ACTION ITEM: Please reproduce the full listing exactly, with nothing added.

DATA SEGMENT:

-- Opening Marker --

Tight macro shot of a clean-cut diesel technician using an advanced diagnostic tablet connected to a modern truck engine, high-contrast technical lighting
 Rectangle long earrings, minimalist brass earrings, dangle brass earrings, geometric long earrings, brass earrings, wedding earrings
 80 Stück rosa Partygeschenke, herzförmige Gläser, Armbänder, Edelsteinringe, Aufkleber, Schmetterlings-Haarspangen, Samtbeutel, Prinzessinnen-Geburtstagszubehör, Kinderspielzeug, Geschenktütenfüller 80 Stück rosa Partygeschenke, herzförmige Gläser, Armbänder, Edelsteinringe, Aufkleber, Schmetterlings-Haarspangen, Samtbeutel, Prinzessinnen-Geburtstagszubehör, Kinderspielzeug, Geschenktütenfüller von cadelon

-- Closing Marker --

REPLY TO THE EXERCISE:
Tight macro shot of a clean-cut diesel technician using an advanced diagnostic tablet connected to a modern truck engine, high-contrast technical lighting
 Rectangle long earrings, minimalist brass earrings, dangle brass earrings, geometric long earrings, brass earrings, wedding earrings
 80 Stück rosa Partygeschenke, herzförmige Gläser, Armbänder, Edelsteinringe, Aufkleber, Schmetterlings-Haarspangen, Samtbeutel, Prinzessinnen-Geburtstagszubehör, Kinderspielzeug, Geschenktütenfüller 80 Stück rosa Partygeschenke, herzförmige Gläser, Armbänder, Edelsteinringe, Aufkleber, Schmetterlings-Haarspangen, Samtbeutel, Prinzessinnen-Geburtstagszubehör, Kinderspielzeug, Geschenktütenfüller von cadelon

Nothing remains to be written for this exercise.